The city of St. Louis allegedly forced about 3,500 people charged with resisting arrest either to sign a release document barring them from filing lawsuits in their arrests or take their chances on the charges in court.

Attorneys Jermaine Wooten and Daniel Dailey are now asking anyone who has signed the city’s release agreement to contact Wooten’s law firm, the Legal Solution Group, according to the St. Louis American.

The attorneys filed a class-action lawsuit Feb. 5 alleging that the city counselor’s office led by Julian Bush, the St. Louis Metropolitan Police Department and the mayor’s office deprived people of their civil rights by making them sign the agreements, the newspaper reported. 

“The issue isn’t necessarily the police department,” Dailey said. “It’s how the police department gets away with what they do.”
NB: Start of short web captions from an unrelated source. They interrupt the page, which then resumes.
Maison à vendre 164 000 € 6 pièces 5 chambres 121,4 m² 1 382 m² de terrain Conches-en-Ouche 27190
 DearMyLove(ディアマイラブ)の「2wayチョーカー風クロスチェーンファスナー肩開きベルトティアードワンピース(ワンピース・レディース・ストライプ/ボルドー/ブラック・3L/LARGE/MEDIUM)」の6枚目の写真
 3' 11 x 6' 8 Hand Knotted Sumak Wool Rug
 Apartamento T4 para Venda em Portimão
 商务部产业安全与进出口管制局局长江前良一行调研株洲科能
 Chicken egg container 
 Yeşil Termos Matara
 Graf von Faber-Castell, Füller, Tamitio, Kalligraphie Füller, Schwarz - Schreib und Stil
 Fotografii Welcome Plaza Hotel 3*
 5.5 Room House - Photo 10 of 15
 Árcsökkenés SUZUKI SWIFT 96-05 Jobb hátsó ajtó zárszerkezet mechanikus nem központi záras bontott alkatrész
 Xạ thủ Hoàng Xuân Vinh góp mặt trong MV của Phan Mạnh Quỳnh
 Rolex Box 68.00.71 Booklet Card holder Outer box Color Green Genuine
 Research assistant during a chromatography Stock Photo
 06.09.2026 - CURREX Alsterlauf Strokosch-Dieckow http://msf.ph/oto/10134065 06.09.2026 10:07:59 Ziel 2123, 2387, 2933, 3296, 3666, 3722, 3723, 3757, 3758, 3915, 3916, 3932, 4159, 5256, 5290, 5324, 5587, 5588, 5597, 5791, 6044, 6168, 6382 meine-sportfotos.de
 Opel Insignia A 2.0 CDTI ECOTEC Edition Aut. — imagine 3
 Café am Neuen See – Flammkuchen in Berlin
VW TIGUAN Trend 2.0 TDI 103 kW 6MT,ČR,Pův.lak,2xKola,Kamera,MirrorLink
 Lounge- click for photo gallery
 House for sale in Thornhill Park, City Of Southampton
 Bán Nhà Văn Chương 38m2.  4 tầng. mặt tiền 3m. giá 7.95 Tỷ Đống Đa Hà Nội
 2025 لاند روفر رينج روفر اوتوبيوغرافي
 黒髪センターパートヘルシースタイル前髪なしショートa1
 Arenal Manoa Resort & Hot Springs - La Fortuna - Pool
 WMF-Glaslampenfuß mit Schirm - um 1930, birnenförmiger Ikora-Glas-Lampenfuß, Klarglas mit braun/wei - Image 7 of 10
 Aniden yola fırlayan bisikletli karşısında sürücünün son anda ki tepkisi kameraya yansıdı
The lead plaintiff in suit is Lakenia Mahdi, a Black stay-at-home mother of three who was holding her 1-month-old daughter when she came to the attention of three white cops, according to the suit the St. Louis American obtained.

Mahdi was recording the officers allegedly violating the civil rights of a group of 10- and 12-year-old Black boys Jan. 14, 2016, attorneys said in the suit.

They also alleged an officer trying to get Mahdi’s phone arrested her when she wouldn’t turn it over and tried to “snatch” her infant from her arms.

Mahdi “made it clear that she was not resisting arrest, but her child was only one month old,” attorneys stated in the lawsuit.

The officer allegedly tried to break the woman’s finger to get her phone and ultimately deleted the video she took at the scene, attorneys alleged in the lawsuit.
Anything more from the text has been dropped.